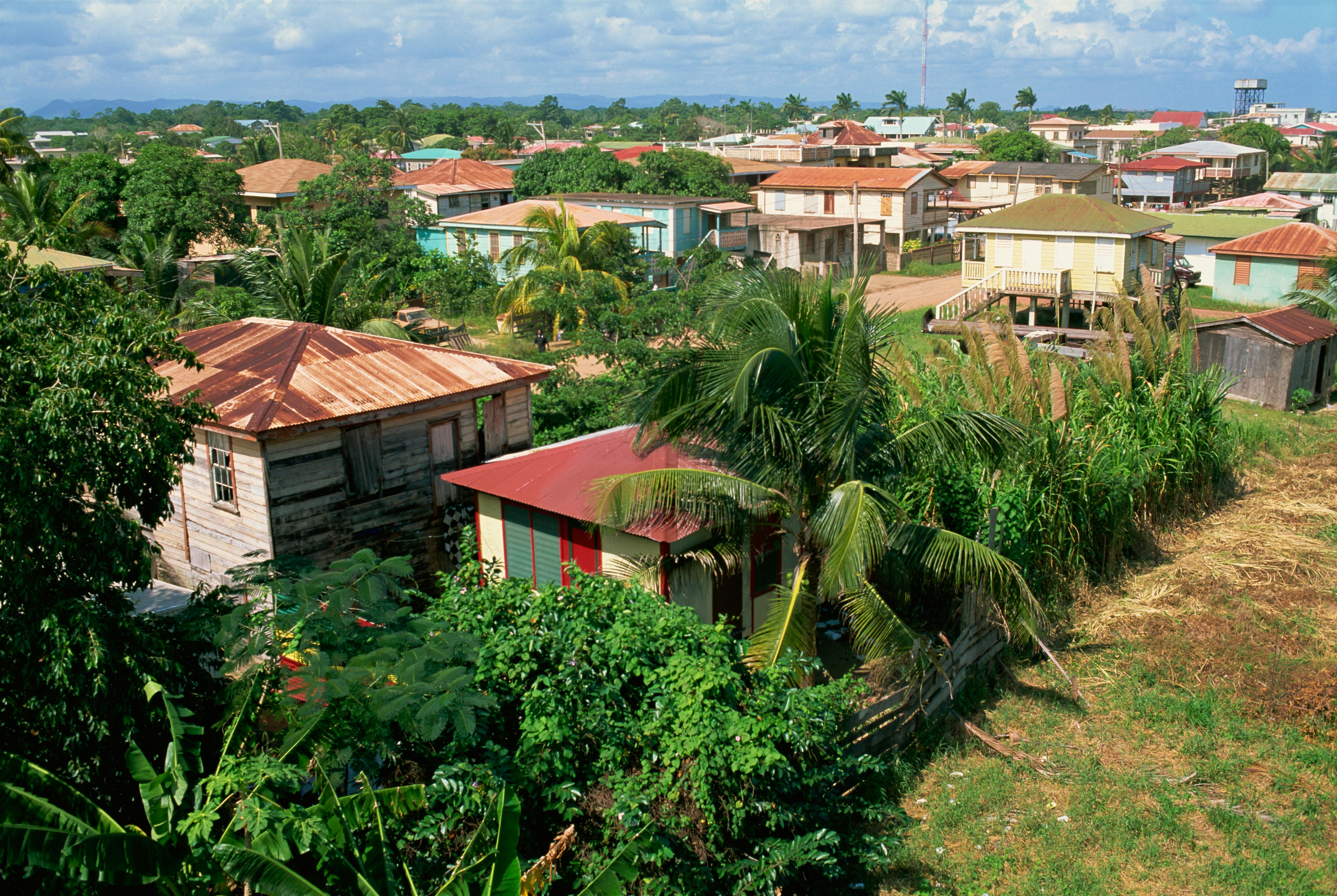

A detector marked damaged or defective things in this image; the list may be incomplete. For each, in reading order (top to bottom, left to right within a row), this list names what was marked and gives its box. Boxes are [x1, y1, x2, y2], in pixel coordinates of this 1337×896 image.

rusty corrugated metal roof [1203, 223, 1337, 262]
rusty corrugated metal roof [158, 320, 553, 439]
orange rusted roof panel [158, 320, 553, 439]
rusty corrugated metal roof [444, 425, 717, 543]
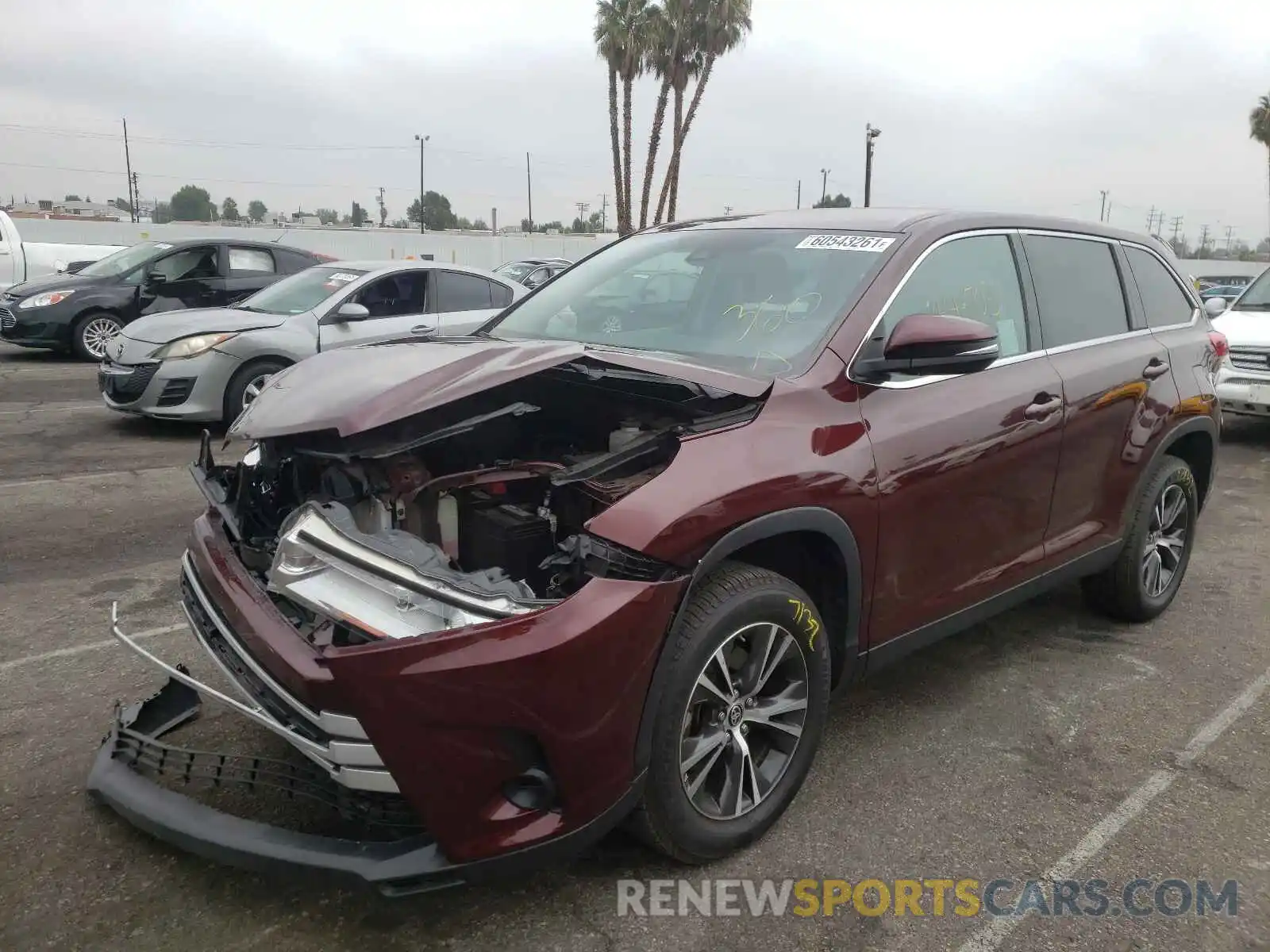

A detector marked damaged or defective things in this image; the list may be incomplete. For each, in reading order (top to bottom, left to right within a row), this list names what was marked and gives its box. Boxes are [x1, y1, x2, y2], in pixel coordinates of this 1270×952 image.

crumpled hood [122, 307, 291, 345]
crumpled hood [232, 337, 767, 441]
crumpled hood [1209, 311, 1270, 347]
broken headlight [270, 508, 538, 642]
damaged front end of suv [89, 335, 767, 893]
detached front bumper [87, 680, 645, 893]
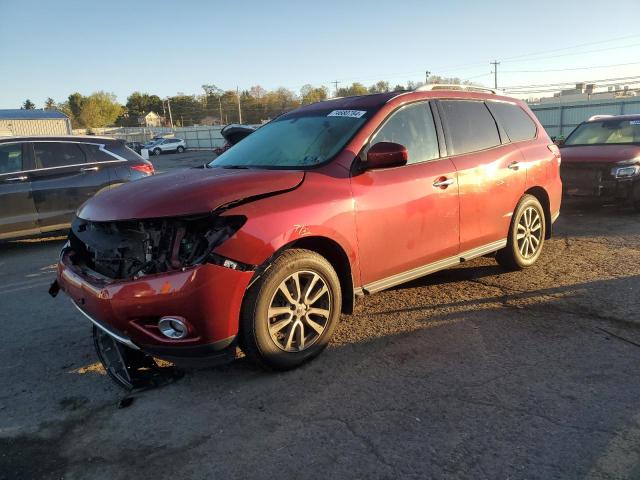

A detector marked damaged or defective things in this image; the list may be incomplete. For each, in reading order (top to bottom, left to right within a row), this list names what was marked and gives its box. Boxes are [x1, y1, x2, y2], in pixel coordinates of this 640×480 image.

broken headlight [69, 215, 245, 282]
damaged red suv [55, 87, 560, 376]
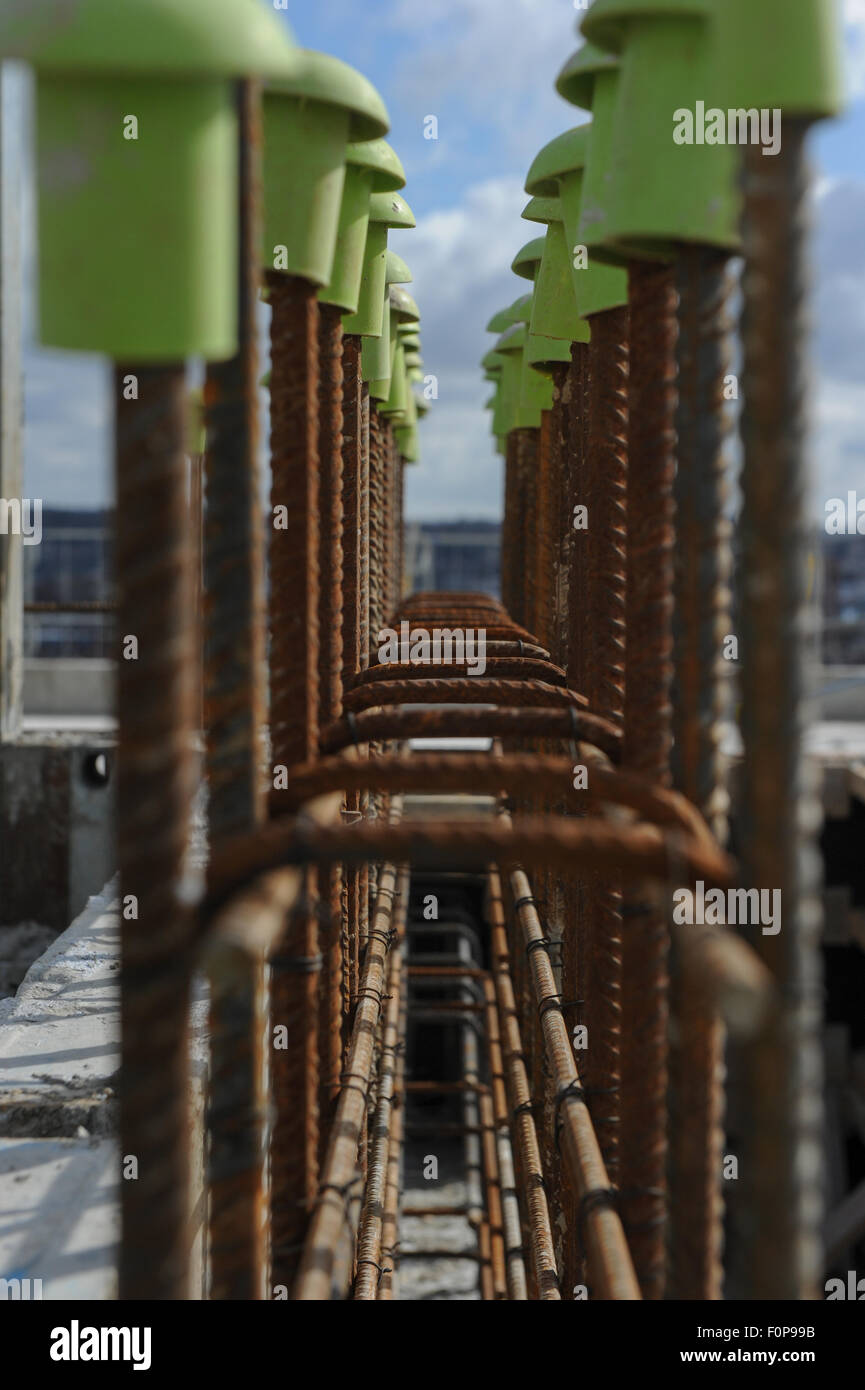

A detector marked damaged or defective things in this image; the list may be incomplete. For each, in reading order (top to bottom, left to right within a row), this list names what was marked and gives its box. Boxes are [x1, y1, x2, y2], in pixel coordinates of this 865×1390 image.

rusty rebar [114, 361, 196, 1301]
rusty rebar [620, 261, 681, 1301]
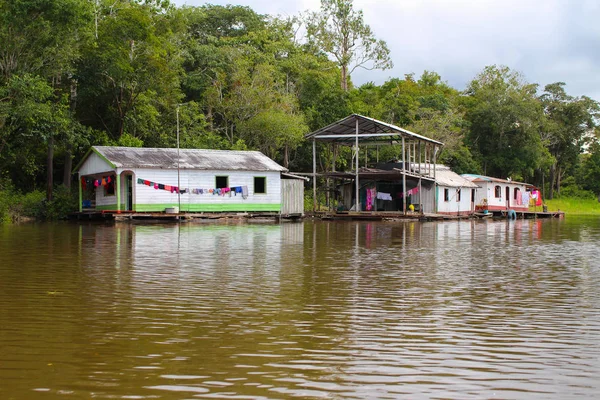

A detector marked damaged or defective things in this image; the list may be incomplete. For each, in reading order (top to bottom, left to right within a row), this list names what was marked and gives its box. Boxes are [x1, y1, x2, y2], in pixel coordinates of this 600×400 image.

#####

Task description:
Copy the records exactly as they appear, excluding images.

Response box:
A detector marked damaged or defective things in this image; the list may be incomplete. For each, in reading order (top to bottom, left to right within a row), this list names what was marked and gives its box. Boxes are [x1, y1, x2, y2], in pixel coordinates of this 1337×896 image.

rusty corrugated metal roof [1203, 223, 1337, 262]
rusty corrugated metal roof [158, 320, 553, 439]
orange rusted roof panel [158, 320, 553, 439]
rusty corrugated metal roof [444, 425, 717, 543]

A detector marked damaged or defective things in this image; the list may be incomplete. For each, in reading order (top to bottom, left to right within a row), this list names what was marked and gives its box. Boxes are [x1, y1, x2, y2], in pixel coordinates of this 1270×952 image.

crumpled hood [122, 307, 291, 345]
crumpled hood [232, 337, 767, 441]
crumpled hood [1209, 311, 1270, 347]
broken headlight [270, 508, 538, 642]
damaged front end of suv [89, 335, 767, 893]
detached front bumper [87, 680, 645, 893]

A detector marked damaged or defective things in this image; the list may be incomplete. For each, in reading order (top to bottom, left to right within a row), this list names what was marked and gives its box. Boxes are [x1, y1, x2, y2], in pixel coordinates of this 640×480 image.

broken headlight [69, 215, 245, 282]
damaged red suv [55, 87, 560, 376]

A detector marked damaged or defective things in this image; the list may be incomplete. For each, in reading order (top to bottom, left to right within a row), this list names what was marked and gives its box. Boxes are [x1, y1, x2, y2], in pixel coordinates of this 865×1390 image.

rusty rebar [114, 361, 196, 1301]
rusty rebar [620, 261, 681, 1301]

A detector marked damaged or defective things in this image; the list may be incomplete. For each, in reading order (top to bottom, left to right within a row), this list names what was marked and gives its box. Boxes are [x1, y1, x2, y2], in pixel coordinates of this 600×400 image.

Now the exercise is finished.